Fig. 5 is a structural block diagram of an information processing device in an embodiment. As shown in Figure 5, an information processing device includes:

The first obtaining module 502 is used to obtain the standard power and power consumption of the mobile terminal during the screen-off period if the mobile terminal is switched from the screen-off state to the screen-on state and the screen-off time of the mobile terminal exceeds a first duration.

The first detection module 504 is configured to detect whether the power consumption of the mobile terminal is abnormal according to the standard power and the power consumption.

The second obtaining module 506 is configured to obtain the wake-up period of the AP subsystem of the mobile terminal if abnormal power consumption of the mobile terminal is detected.

The second detection module 508 is used to obtain the first wake-up times of the wake-up source in the AP subsystem of the mobile terminal if it detects abnormal wake-up of the mobile terminal AP subsystem according to the wake-up cycle, and determine the abnormal wake-up source according to the first wake-up times.

In one embodiment, the first detection module 504 detects whether the power consumption of the mobile terminal is abnormal according to the standard power and power consumption in any of the following methods:

(1) Detect whether the power consumption is greater than the standard power, and if the power consumption is greater than the standard power, abnormal power consumption is detected.

(2) Obtain the power consumption according to the power consumption and the duration of the screen off, and obtain the standard power according to the standard power and the duration of the screen off, and detect whether the power consumption is greater than the standard power. If the power consumption is greater than the standard power, abnormal power consumption is detected .

In one embodiment, the second obtaining module 506 obtaining the wake-up cycle of the mobile terminal AP subsystem includes: obtaining the number of times the mobile terminal AP subsystem is woken up during the off-screen period; cycle.

In one embodiment, the second obtaining module 506 is also used to obtain the dormancy ratio of the AP subsystem of the mobile terminal before obtaining the wake-up period of the AP subsystem of the mobile terminal, and determine the AP sub-system of the mobile terminal according to the dormancy ratio of the AP subsystem of the mobile terminal. System hibernation is abnormal.

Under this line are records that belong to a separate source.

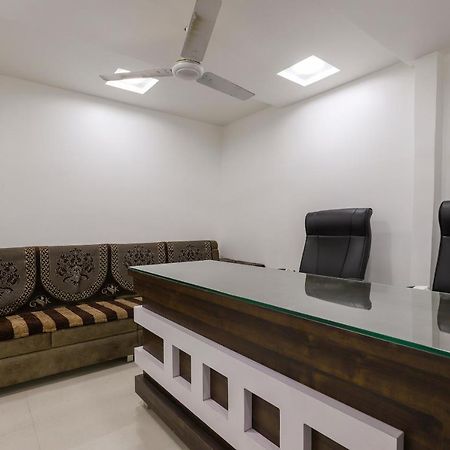 Spot On 64818 Hotel Minal Jāmnagar Εξωτερικό φωτογραφία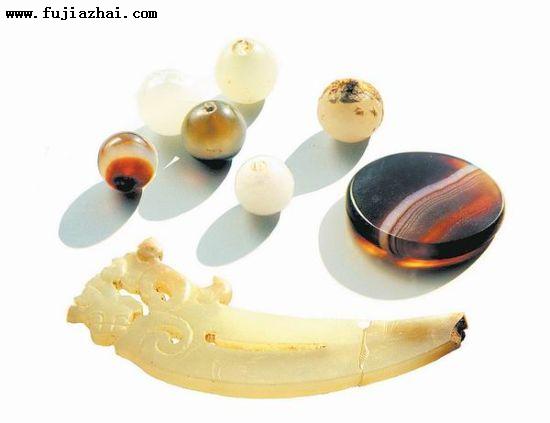 曹操墓出土的玉器、玛瑙装饰品（资料图）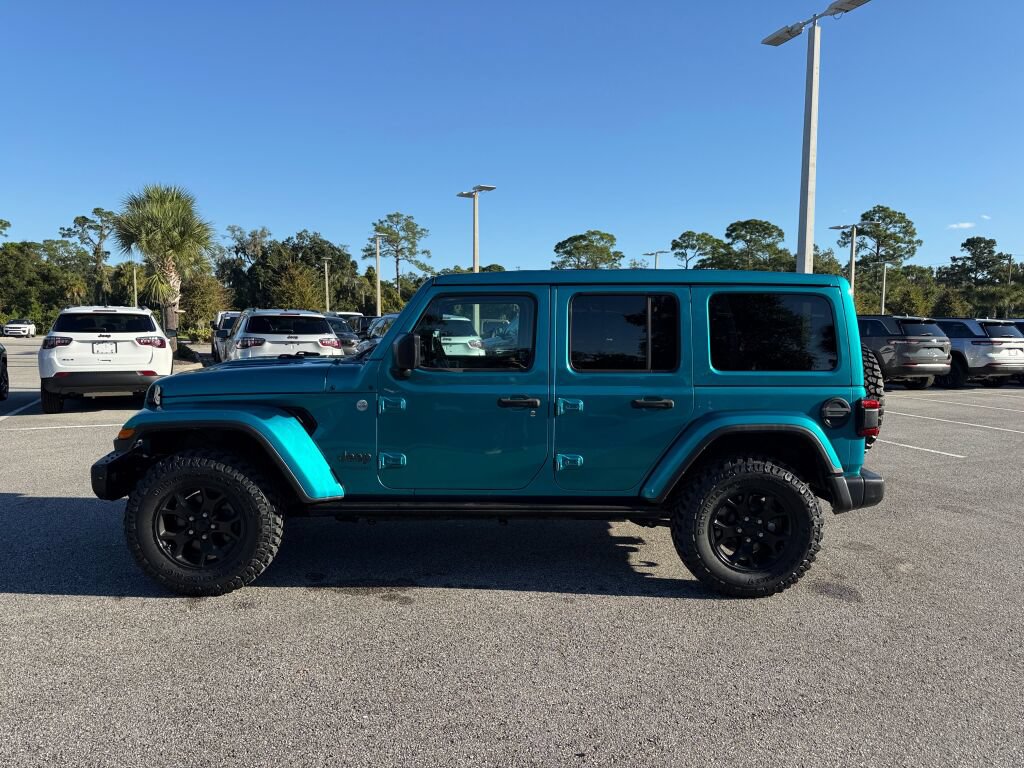 Used 2019 Jeep Wrangler Unlimited Sahara w/ Quick Order Package 24M Moab AWD/4WD image 6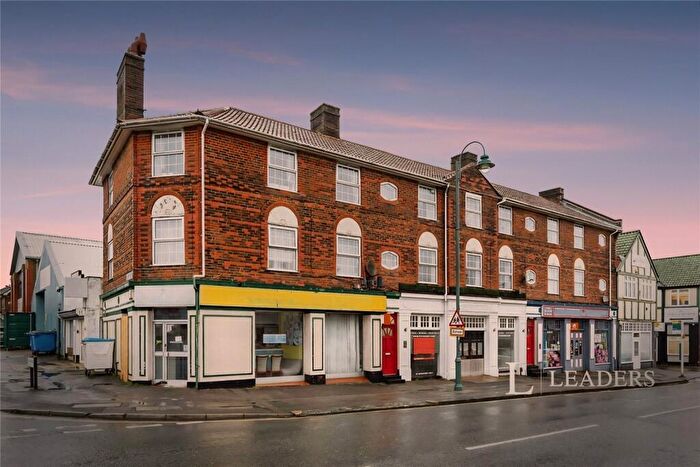 2 Bedroom Flat To Rent In Lodge Road, Southampton, SO14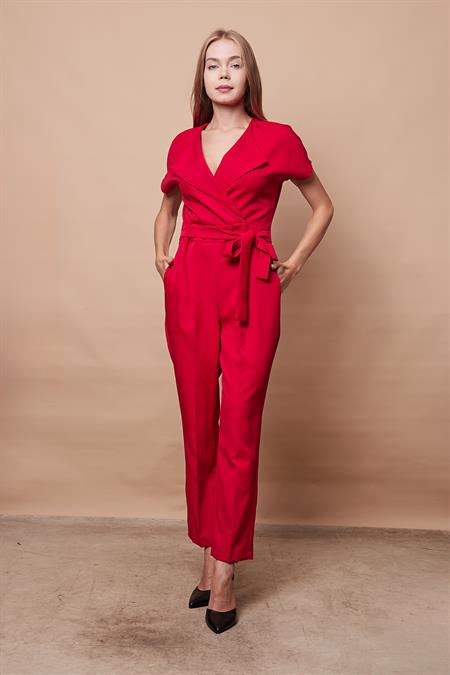 Şal Yaka Düşük Omuzlu Bağcıklı Bilek Boy Tulum -Kırmızı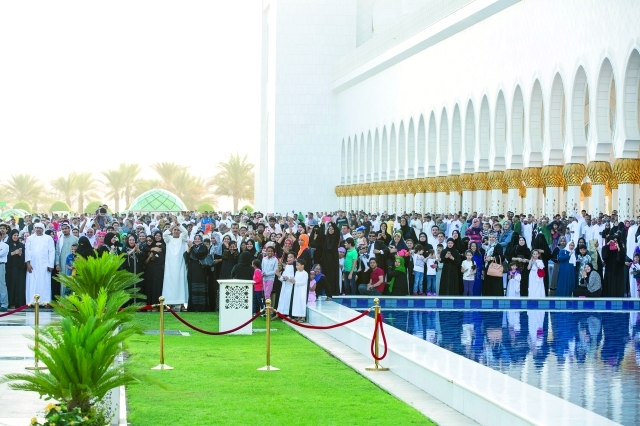 "مواطنون ومقيمون أثناء صلاة العيد"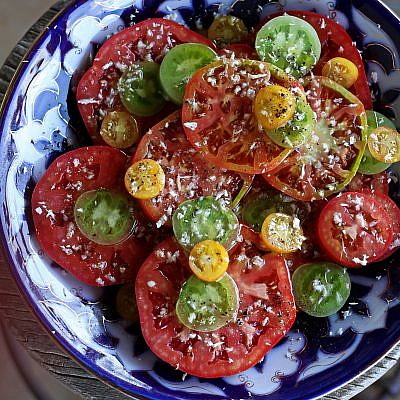 Bloody Salad של שף ארז קומרובסקי. צילום: מתן שופן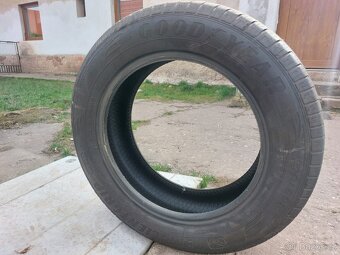 Goodyear Efficientgrip SUV 4x4 215/60 R17 - 7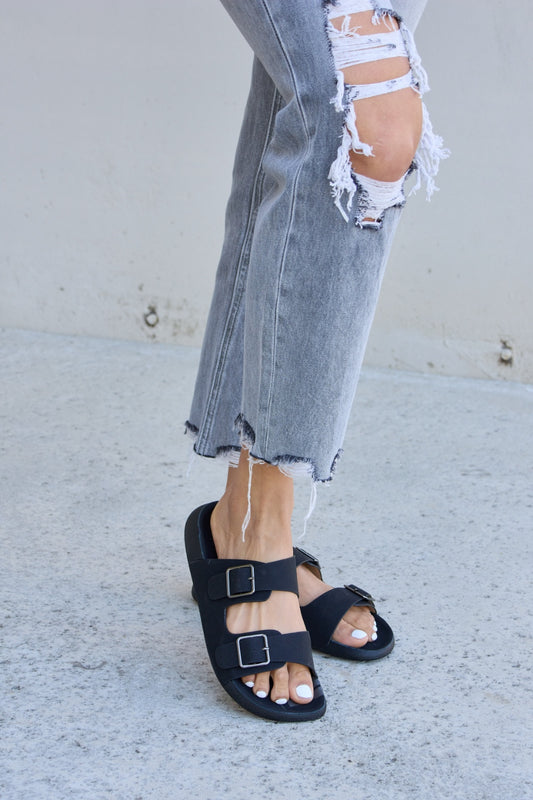 Forever Link Double Buckle Open Toe Sandals - The Daily Makeover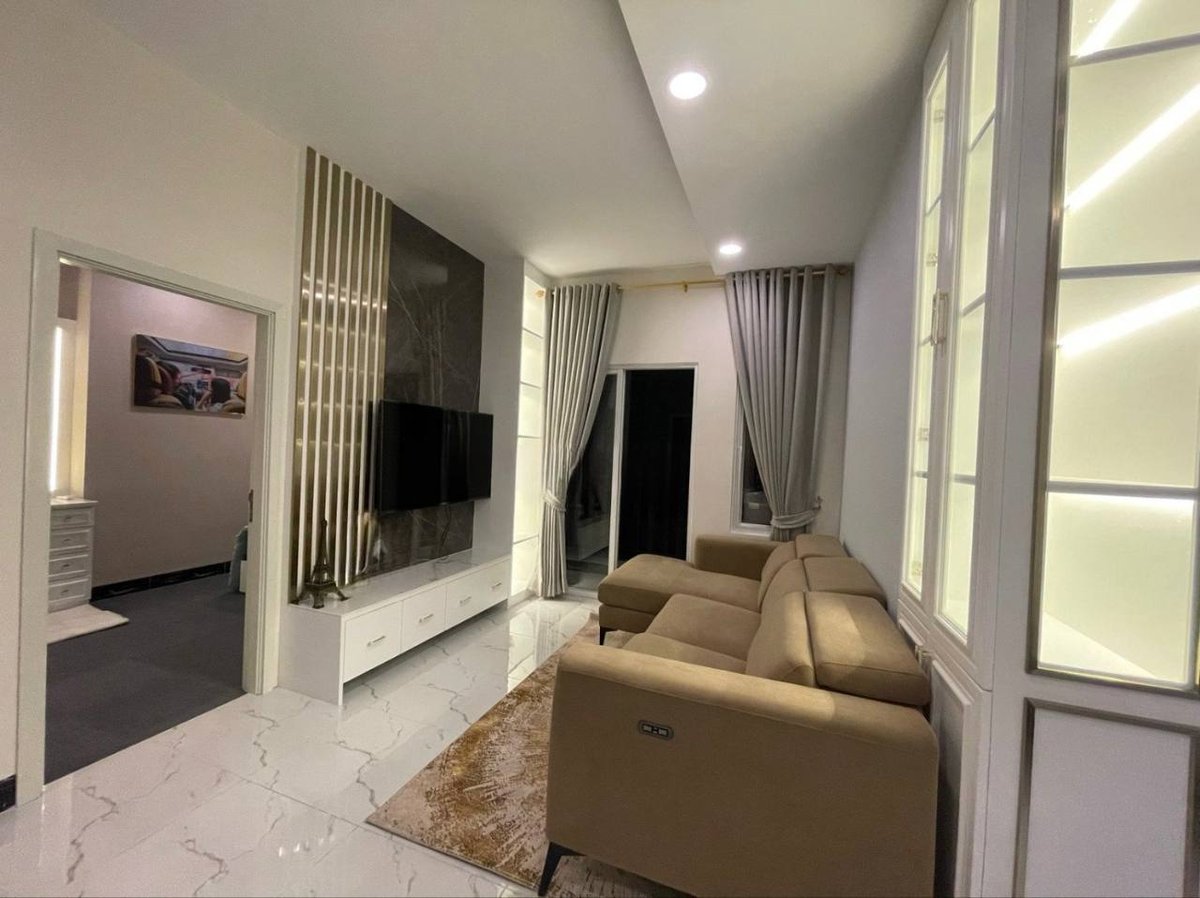 L Residence BTP项目8楼两房公寓转让,精装修且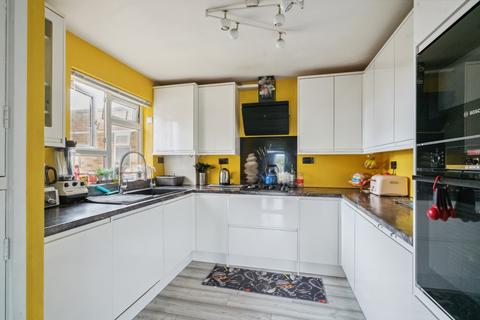 3 bedroom apartment for sale, Dove Park, Hatch End, Pinner HA5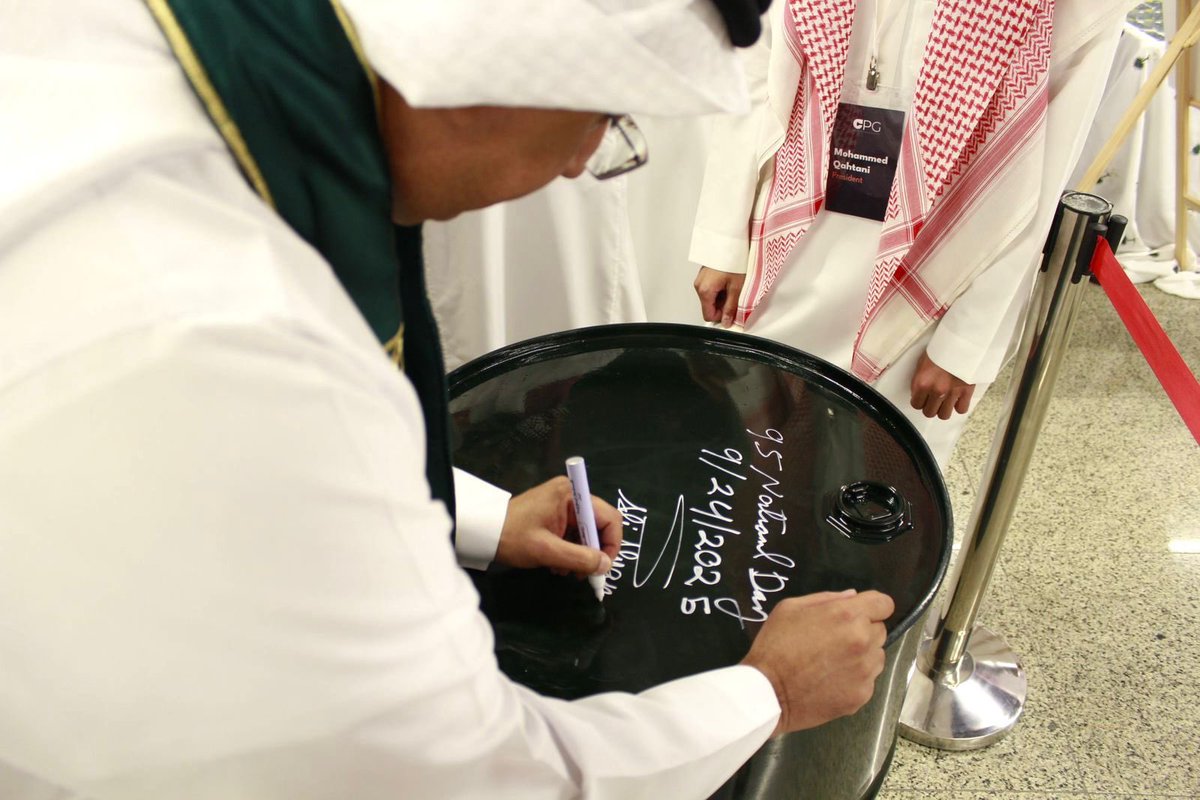 🇸🇦✨

في اليوم الوطني السعودي 95، كان لـ SPE-KFUPM Student Chapter شرف المشاركة في الفعالية التي قدّمها نادي هندسة البترول (CPG) بكلية هندسة البترول والعلوم الجيولوجية.
مشاركتنا لم تكن مجرد حضور، بل تعبير عن فخرنا بانتمائنا، وتجديد لعهدنا في أن نكون جزءًا من مسيرة وطن يقود العالم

Fig. 6 is a structural block diagram of an information processing device in another embodiment. As shown in FIG. 6 , an information processing device includes: a first acquisition module 602 , a first detection module 604 , a second acquisition module 606 , a second detection module 608 and a determination module 610 . Wherein, the functions of the first acquisition module 602 , the first detection module 604 , the second acquisition module 606 and the second detection module 608 are the same as those of the corresponding modules in FIG. 5 .

The determination module 610 is configured to acquire the second wake-up times corresponding to each message type in Modem wake-up when the abnormal wake-up source is Modem wake-up, and determine the abnormal message type according to the second wake-up times.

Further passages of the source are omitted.